ちょうど、一年ほど前に、

開発工数と期間(納期)と人数の関係について

ということを書いた。
あれから、「COCOMOモデル」という考え方があることは、その後知った。

ただ知っておくことは別に悪い事とは思わない。
自分なりに必要か必要でないかを判断できると思えるくらいの理解はしておいてよいと思う。

で、その結果、
この考え方に私は非常にあきらめと違和感を感じた。

それは、なぜか?
「機能なんて定まっていない」
からだ。

そもそも、なぜ機能が定められないうちから工数を見積もりたいのか?

提供する価値とコストと納期(締め切り)のよいバランスをとりたいからだ。
そのために必要な、作為的変数としての工数なのだ。

すべてが変動だと言うから、「工数」という固定がほしくなる。
数学的にすべてが変動の式に答えはないし、軸がないものでは議論が進まない。

でも、現実はどうだろうか?
コストと締め切りは、多少の変動はあるものの、
全体から見れば「固定」といえる範囲のものではなかろうか?
(少なくとも私の場合はそうだった。)

だったら、「価値」しか変動になりえない。
お客が「工数」が知りたいということを言ってくることがあるが、
別に工数なんて知りたくないと思う。
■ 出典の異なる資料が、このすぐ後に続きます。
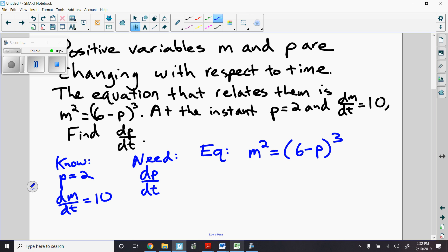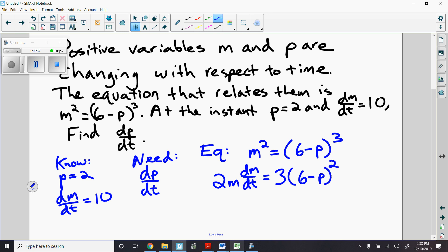The first part of this problem is pretty simple. The left side of the equation is easy to derive — the derivative of m squared is 2m dm/dt. On the right side I'm going to have to do a chain rule problem, because I see a function 6 minus p within another function cubed. Chain rule: derivative of the outside with respect to the inside, times the derivative of the inside. The derivative of 6 is 0, the derivative of negative p is negative 1, so I tag on dp/dt.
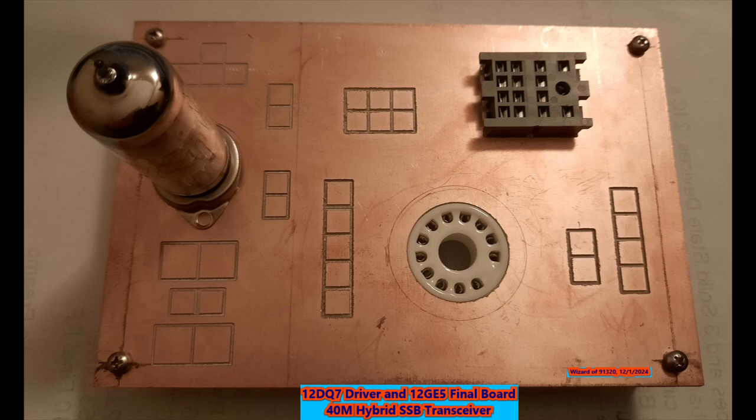The objective here is to get a little more oomph and a little more gain out of the rig. The driver stage will be a 12DQ7 that's used in the SPE-33 as the driver, and the final is the 12GE5.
露骨に「コスト」を求めても答えないし、こちらからも明確に提示したくないから、
「工数」という曖昧な言葉でまずはお互いをよく知る話題をつくりませんか?という意味で使われるに過ぎないと思っている。

実際、たいていの企業や利用部門にとってコストと締め切りの変動よりも、「価値」の変動のほうが受け入れやすい。
それに、機能を定めたからといって、必ずそれが実現できるとも限らないではないか?

そして、ある機能を作るときに、エンジニアは「3日案」、「1週間案」、「3週間案」のように複数の案を持っている場合がある。
これらの表面的な機能はどれも同じだ。
違うのは、カバーできる規模だったり、拡張性だったりする。
工数は、3日から15日案がありますが、どれにします?と聞いても誰も、よい答えはもっていない。

また、多くのリスク要素の中の1つ、2つが失敗しただけですべてのバッファを食いつぶすほど、
現在、定められているコストと納期は厳しい。
だったら、現実問題としてその時点で「価値」の変動を受け入れてもらわなければならない。
そして、すべてが八方ふさがりになったときに最終手段として3日案の適用があったりする。

さらに、「期間」と「コスト」が固定なプロジェクトを連続的に繰り返すで、「永久ベータ版」というのだとおもう。

いったいどこまで続ければいいのだろうか?
「期間」と「コスト」が許す限りだ。
そして、これは、連続的に繰り返された結果、世に言う「変更に強いシステム」ということにもなる。

なんのことはない、「期間」と「コスト」は技術的な裏付けなどなにもいらず、
期間 =会計管理上の制約
コスト=お財布の中身
で決めてしまえばよい。

できることしかできないと割り切ってしまい、
それを連続的にすることで、最後には「最初はできない」はずであったことが、
できるようになっているということがよいプロジェクトマネジメントなのではないだろうか?

初めから、予算は1000万、締め切り10ヶ月と決まっていても、
予算200万、期間2ヶ月の開発を5回にわけることと何がちがうのだろうか?
むしろ、妥当な機能が4回目の繰り返しでできることがわかれば、
5回目をやらなくていいので200万円の値引きと、2ヶ月の期間短縮で「うはうは」ではないか?

と私なりには思うのである。

ただし、工数管理はいらないかと言えば、それはない。
予定としての工数管理をしないだけで、結果としての工数管理はする。

そして
「機能なんて定まっていない」
状態から抜け出せたときに、初めて「予定工数」をこれまでの経験から使うだけである。